Study finds investment benefits vary by admissions competitiveness

Matthew Hart

Institutions of higher education with relatively low competition for admissions are more likely to increase their application rates by investing in commodities such as athletics and facilities, according to a report released Monday by the National Bureau of Economic Research.

The study examined the impact of various investments on the application rates at approximately 1,300 universities. Universities that are more competitive in admissions are more likely to see their application rates rise if they invest in academics, while universities that are less competitive are not affected as much by investing in the academics.

The University of Texas tends to be a more competitive university in terms of admissions, according to enrollment data in recent years. All public higher education institutions in Texas are required to automatically admit the top 10 percent of public high school seniors, but UT is the exception. Currently the University automatically admits the top 8 percent, but in 2014 the University will automatically admit the top 7 percent according to UT spokeswoman Tara Doolittle.

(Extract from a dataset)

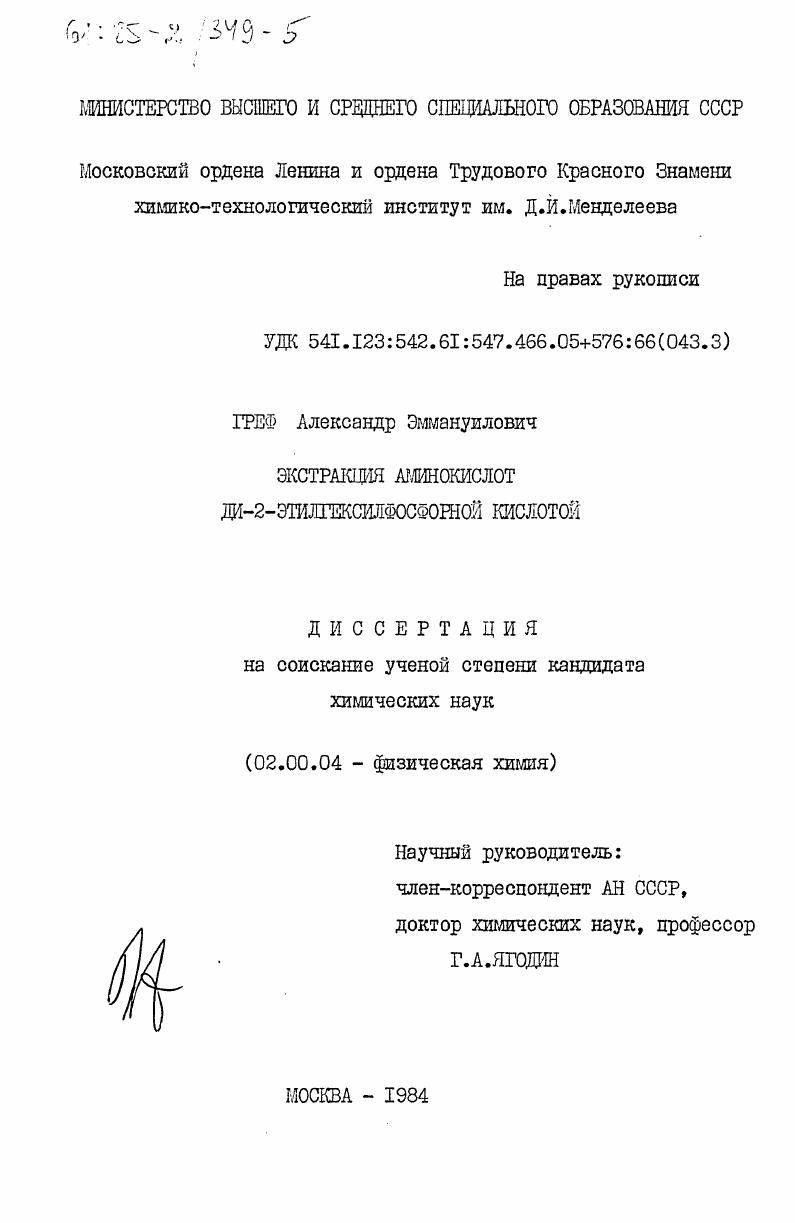 Экстракция аминокислот ди-2-этилгексилфосфорной кислотой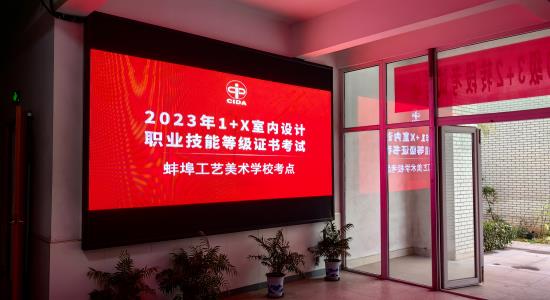 【蚌埠室内设计学校】蚌埠工艺美术学校顺利完成1+X室内设计职业技能等级证书考试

Kimberly Beckwith, a kinesiology and health education lecturer, said some of the non-academic commodities that attract students might not be a distraction but rather a benefit to the academic aspects of a university.

“Sports and physical education have actually gained a little more respect in academics and there is a growing amount of interest in our department,” Beckwith said.

Beckwith said recreational sports themselves are popular and different levels of sports have become new areas of research interests and study interests.

Doolittle said the admissions staff is reviewing a record number of applications this year and several factors influence the competition. 

“When you consider that a large proportion of our enrollment is reserved for our automatic admission students, we are one of the most competitive public colleges in the nation,” Doolittle said. “Athletics does contribute to the institution as does a number of our other self-supporting auxiliary functions. That support helps insure that we have academic offerings of the highest caliber.”

While students at UT can reap the benefits of a world-class stadium and enjoy convenient access to fast food and coffee shops alike, it does not seem to be the only thing attracting students to the University. Biology freshman Michael Walker said he found the academics of the University the most compelling while considering which college to attend.

“I definitely feel I was more attracted to the academics of UT than the sports and facilities,” Walker said. “I mean people get hyped up from the football games and the giant stadium, and they’re nice and all but unless you are actually aspiring to be a professional athlete, I think UT is better off spending more money on academics because that’s more of a realistic goal.”